# Thread: A proof is needed

1. ## A proof is needed

ABCD is a square.
BEC and DCF are equilateral triangles on the east and south side of the square respectively.

Having proved ECD=BCF I now need to prove that ED=EG. Got as far as FG=BE and angle CFE= angle EBC

2. Hello, Mukilab!

$\displaystyle ABCD$ is a square.

$\displaystyle BEC$ and $\displaystyle DCF$ are equilateral triangles on the east and south side of the square, resp.

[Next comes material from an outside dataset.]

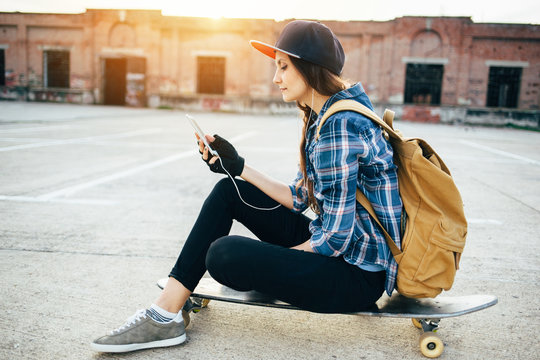 Skateboard girl listening to music with smartphone while sitting on longboard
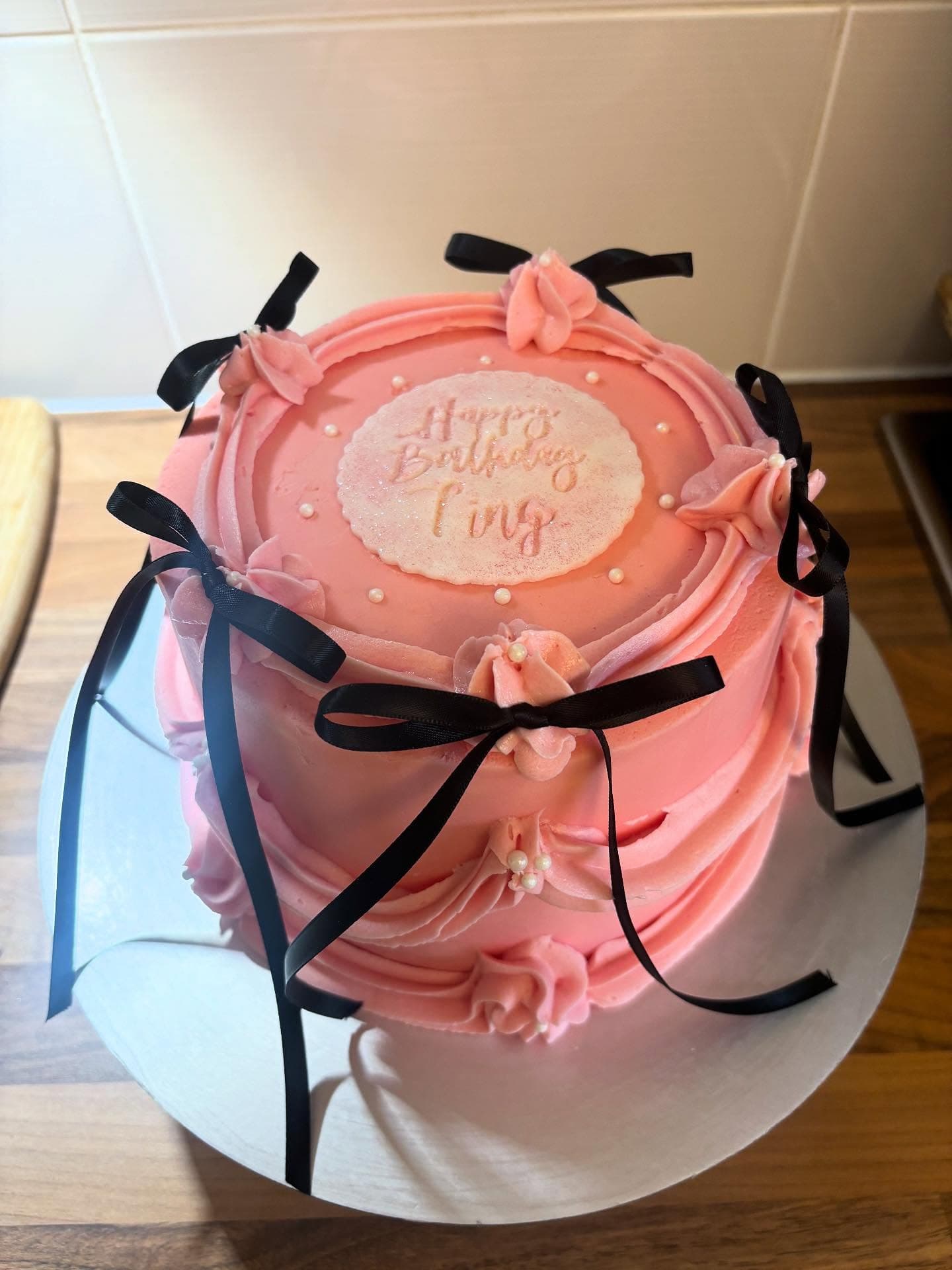 Pink birthday cake with black bow details and piped swags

Having proved $\displaystyle \angle ECD\,=\, \angle BCF$, I now need to prove that $\displaystyle ED=EG.$ .?
Code:
     A             B
o - - - - - o
|           |  *
|           |     *
|           |        o E
|           |     *
|           |  *
o - - - - - o
D *         * C
*       *
*     *
*   *
* *
o
F

Where is point $\displaystyle G$ ?

3. I don't know exactly but if BFGE is a parallelogram then I guessed it would be somewhere to the south-east of F

(Doesn't show it in any sort of diagram)

4. Originally Posted by Mukilab
I don't know exactly but if BFGE is a parallelogram then I guessed it would be somewhere to the south-east of F

(Doesn't show it in any sort of diagram)
If BFGE is a parallelogram, then BF=GE,
so you only need to show that ED=BF as that means ED=GE.